Em outubro de 2025, o STJ reforçou essa linha ao decidir que bancos e instituições de pagamento podem indenizar clientes quando falhas de segurança viabilizam golpes de engenharia social, como o da falsa central de atendimento. A decisão considerou relevante a existência de operações atípicas e incompatíveis com o perfil do consumidor.

O banco que recebe o dinheiro também pode ser investigado

Muitos golpes não terminam no banco da vítima. Depois que o dinheiro sai da conta, ele costuma ser enviado para contas de terceiros, conhecidas como contas de passagem ou contas de laranjas. Elas recebem os valores e rapidamente repassam o dinheiro para outros destinos.

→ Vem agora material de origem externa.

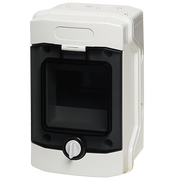 E-04W - 4 Way - IP65 Enclosure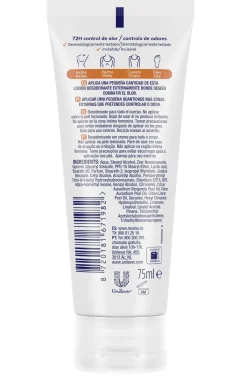 Déodorant Crème All Over Body Fresh Citrus pour Femme
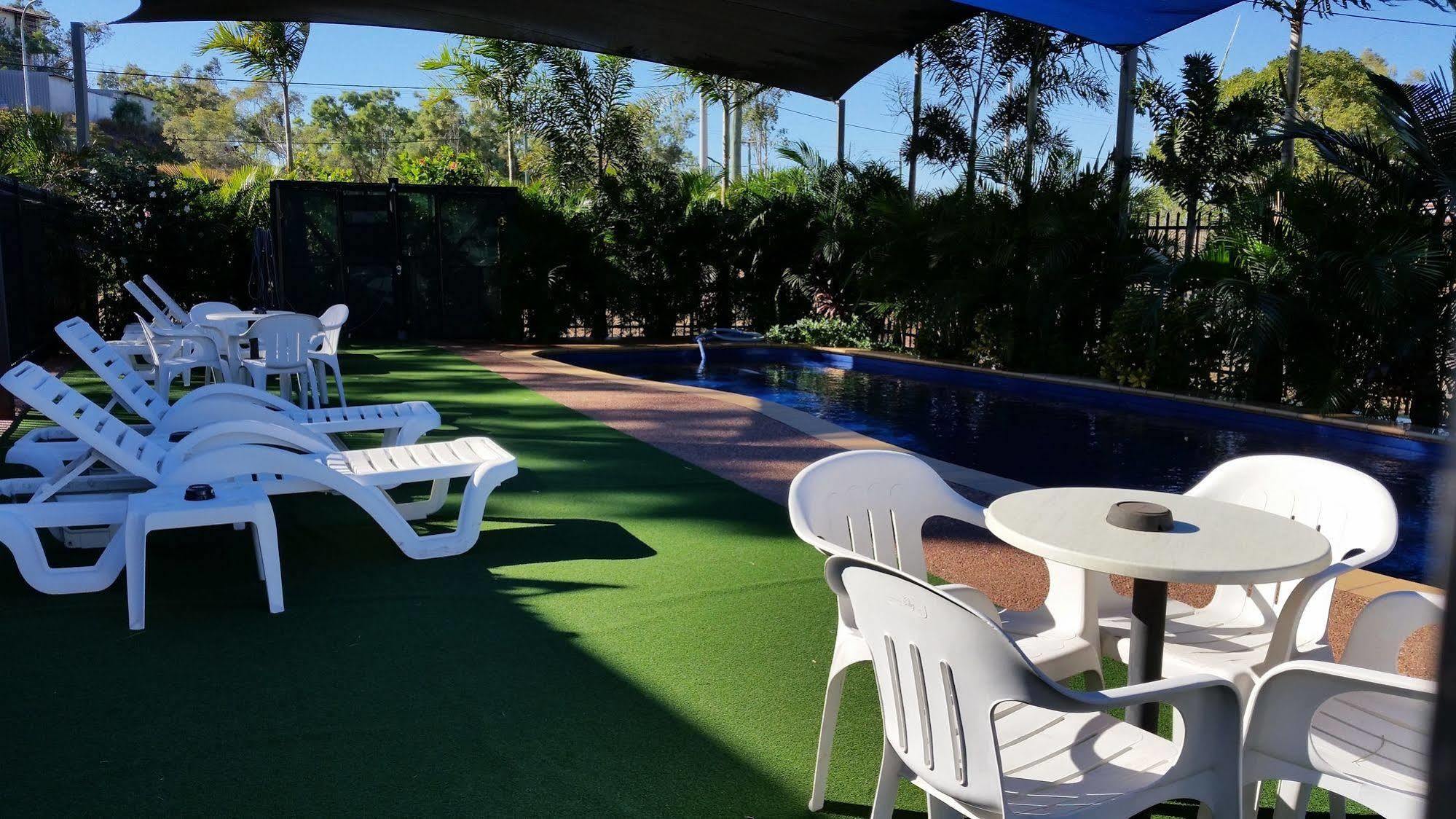 Leichhardt Accommodation Mount Isa Ngoại thất bức ảnh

Por isso, a análise não deve ficar limitada à instituição de origem. O banco ou instituição de pagamento que recebeu os valores também pode ter responsabilidade quando permite a abertura ou manutenção de contas usadas para movimentação fraudulenta.

Se uma conta recém-aberta recebe valores altos, faz movimentações incompatíveis com seu perfil ou atua apenas como passagem de dinheiro, surge a discussão sobre falha nos controles de identificação e monitoramento. Bancos e instituições de pagamento têm deveres de verificação de clientes e prevenção a fraudes.

Em casos de fraude bancária envolvendo Pix, boletos ou transferências, o caminho do dinheiro pode ser tão importante quanto a forma como a vítima foi enganada.

As primeiras horas fazem diferença

Depois do golpe, o tempo trabalha contra a vítima. O dinheiro pode ser transferido para outras contas, sacado, usado em compras ou convertido em ativos digitais. Quanto maior a demora, mais difícil pode ser rastrear e bloquear os valores.

Os primeiros passos costumam incluir comunicação imediata ao banco, pedido formal de contestação, solicitação do Mecanismo Especial de Devolução em casos envolvendo Pix, registro de boletim de ocorrência e preservação de provas.

Prints de conversas, números de telefone, protocolos, e-mails, comprovantes, horário das transações e dados das contas de destino devem ser guardados. A vítima também não deve apagar mensagens por vergonha ou medo. Esses registros podem demonstrar a forma como o golpe foi executado.

A vergonha, aliás, é uma das maiores aliadas dos criminosos. Muitas pessoas demoram a agir porque acreditam que foram ingênuas. Outras aceitam a primeira negativa do banco sem questionar se houve falha de segurança.

A vítima não precisa aceitar resposta automática

Nem toda fraude gera indenização. Cada caso depende das provas, do perfil da conta, do tipo de golpe, do comportamento da instituição financeira e do caminho percorrido pelo dinheiro.

Mas também não é correto afirmar que toda operação validada com senha elimina a responsabilidade do banco. Quando a vítima é induzida ao erro, quando há invasão do dispositivo, acesso remoto, página falsa, transação atípica, conta de destino suspeita ou falha no sistema de prevenção, a situação precisa ser analisada com mais profundidade.

O crescimento dos golpes financeiros mostra que o problema não está apenas na vítima. Ele envolve criminosos especializados, dados pessoais expostos, tecnologia usada para manipulação e estruturas financeiras que, muitas vezes, permitem a circulação rápida do dinheiro.

Para quem sofreu um golpe, a pergunta mais importante não é apenas “por que eu digitei a senha?”. A pergunta que pode mudar o caso é outra: por que o sistema permitiu que a operação acontecesse sem bloqueio, alerta ou verificação adequada?